Guilty

  • Posted: September 16, 2009 and this post was last modified April 3, 2011.

It is a common reaction when someone loses someone close to them that they begin to feel guilty. Whether they believe they could have done something to prevent the loss or that they were the direct cause of the loss, the feeling of guilt is often a strong reaction that few like to deal with. Sometimes the guilt overwhelms us and is so powerful to the point that we cannot conduct our day to day activities without some sort of outlet. We keep replaying the past in our head like a scout trying to figure out what went wrong with his team; trying to figure out what could have been made better.

Why do we have to wait until it’s too late though? The old adage that hindsight is 20/20 is a cop-out; if we live with the intent of bettering our future and those around us, how can we live in regret? Sure, we can convince ourselves that we could always do better, but realistically, could we? Sure, there are those that lose loved ones where there is seemingly no reason to do so, but does that mean that we did all we could do? It is easy to throw abuse on the abuser and relieve ourselves of all responsibility just as it is easy to feel so guilty as to almost take the full responsibility of the tragedy.

People respond to tragedy differently. People accept or reject responsibility differently. People are different.

To assume that we can do one thing the same way all the time and save our kids and loved ones from the idea of suicide is therefor ludicrous. To assume that love, being the opposite of hate, will solve everything is absurd. If we could have the utopia we would like to guilt ourselves into having, we would have it. But we do not live alone in this world and we cannot control others; no matter what we do today to prevent the hindsight of tomorrow, we will always feel guilt over a loss.

But does that mean we should not be concerned about trying to make a difference? No, not at all. If even the smallest of efforts from you can change someone else’s life, why wouldn’t you try? Why not take the risk? The prize is so much greater.

By now your head is probably spinning in circles from the back and forths, but if you listen carefully, you’ll get the message: do.

Much guilt is often brought about by people thinking they could have done something or done more just to prevent their tragic loss. They feel that their actions could have made a difference.

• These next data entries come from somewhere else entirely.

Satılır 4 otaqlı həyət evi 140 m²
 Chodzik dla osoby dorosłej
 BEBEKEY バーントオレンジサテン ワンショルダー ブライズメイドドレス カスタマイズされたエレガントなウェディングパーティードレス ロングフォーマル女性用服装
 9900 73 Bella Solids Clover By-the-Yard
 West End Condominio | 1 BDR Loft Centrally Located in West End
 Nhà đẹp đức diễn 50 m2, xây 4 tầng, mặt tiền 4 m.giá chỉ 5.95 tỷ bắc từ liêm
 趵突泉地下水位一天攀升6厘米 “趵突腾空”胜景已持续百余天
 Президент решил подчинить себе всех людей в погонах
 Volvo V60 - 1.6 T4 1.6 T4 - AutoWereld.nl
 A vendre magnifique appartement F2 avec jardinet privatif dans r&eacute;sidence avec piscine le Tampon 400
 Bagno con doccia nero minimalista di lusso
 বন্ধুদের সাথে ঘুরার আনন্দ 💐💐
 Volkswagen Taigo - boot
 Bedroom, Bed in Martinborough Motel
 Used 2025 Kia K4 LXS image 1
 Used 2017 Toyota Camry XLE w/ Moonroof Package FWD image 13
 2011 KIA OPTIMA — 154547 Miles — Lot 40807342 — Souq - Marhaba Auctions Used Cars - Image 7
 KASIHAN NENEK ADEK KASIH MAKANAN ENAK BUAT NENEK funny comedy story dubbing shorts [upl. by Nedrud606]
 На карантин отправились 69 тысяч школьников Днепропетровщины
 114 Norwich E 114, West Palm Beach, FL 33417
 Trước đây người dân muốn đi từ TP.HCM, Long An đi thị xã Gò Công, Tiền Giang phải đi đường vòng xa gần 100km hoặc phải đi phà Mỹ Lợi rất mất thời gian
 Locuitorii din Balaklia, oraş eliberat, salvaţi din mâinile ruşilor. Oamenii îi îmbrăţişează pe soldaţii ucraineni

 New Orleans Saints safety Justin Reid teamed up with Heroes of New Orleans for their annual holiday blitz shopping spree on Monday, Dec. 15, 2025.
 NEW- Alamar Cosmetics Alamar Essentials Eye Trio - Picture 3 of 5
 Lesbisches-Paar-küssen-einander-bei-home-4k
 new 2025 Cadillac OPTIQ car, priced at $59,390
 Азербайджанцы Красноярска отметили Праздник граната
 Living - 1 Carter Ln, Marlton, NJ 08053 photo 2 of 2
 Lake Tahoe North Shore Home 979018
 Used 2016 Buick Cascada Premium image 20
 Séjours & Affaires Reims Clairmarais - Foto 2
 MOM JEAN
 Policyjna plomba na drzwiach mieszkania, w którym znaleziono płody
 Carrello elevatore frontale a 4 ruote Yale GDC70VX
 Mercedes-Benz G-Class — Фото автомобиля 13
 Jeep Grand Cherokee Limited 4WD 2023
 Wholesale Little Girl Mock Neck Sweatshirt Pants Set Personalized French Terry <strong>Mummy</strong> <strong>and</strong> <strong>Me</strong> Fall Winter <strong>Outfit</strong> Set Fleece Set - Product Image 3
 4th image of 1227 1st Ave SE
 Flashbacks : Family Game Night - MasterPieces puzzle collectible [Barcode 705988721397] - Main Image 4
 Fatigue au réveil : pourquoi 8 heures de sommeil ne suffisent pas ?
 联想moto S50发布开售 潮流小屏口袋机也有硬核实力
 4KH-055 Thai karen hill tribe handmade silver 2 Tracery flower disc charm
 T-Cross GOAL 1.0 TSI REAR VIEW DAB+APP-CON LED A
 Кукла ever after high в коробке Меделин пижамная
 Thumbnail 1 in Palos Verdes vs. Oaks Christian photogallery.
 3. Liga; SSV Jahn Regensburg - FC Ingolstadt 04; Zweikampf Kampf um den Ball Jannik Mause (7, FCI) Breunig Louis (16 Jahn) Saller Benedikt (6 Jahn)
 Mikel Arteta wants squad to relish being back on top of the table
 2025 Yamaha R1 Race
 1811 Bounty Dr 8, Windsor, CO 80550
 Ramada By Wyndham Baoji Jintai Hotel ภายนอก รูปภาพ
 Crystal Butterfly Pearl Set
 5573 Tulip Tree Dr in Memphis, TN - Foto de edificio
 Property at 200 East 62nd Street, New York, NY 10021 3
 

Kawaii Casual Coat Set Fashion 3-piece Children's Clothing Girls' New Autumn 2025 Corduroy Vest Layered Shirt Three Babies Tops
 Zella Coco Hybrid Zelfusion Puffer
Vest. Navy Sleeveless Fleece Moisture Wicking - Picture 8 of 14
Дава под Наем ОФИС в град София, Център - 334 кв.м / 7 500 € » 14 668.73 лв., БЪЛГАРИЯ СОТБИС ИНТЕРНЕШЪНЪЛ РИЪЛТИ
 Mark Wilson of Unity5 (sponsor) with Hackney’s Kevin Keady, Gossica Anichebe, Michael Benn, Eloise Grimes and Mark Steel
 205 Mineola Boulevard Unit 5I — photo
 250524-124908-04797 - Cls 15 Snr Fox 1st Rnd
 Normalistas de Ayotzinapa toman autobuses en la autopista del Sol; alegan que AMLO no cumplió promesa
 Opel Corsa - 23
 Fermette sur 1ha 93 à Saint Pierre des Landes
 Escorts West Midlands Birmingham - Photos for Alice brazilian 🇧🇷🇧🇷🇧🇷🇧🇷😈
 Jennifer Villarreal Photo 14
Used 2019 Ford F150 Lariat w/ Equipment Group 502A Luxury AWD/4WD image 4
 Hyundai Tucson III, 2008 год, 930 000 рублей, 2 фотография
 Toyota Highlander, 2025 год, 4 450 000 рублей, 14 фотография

If you want your friends, family, and loved ones to deal with a bully, teach them to laugh. If you want them to feel better about themselves, teach them to open their eyes. If you want them to know they are loved, show them.

We cannot save everyone. We can show them all the love in the world and for whatever reason, the bully will always have the upper hand. But if we try to help them and try to stop the bully, perhaps we can stop a tragedy before it occurs.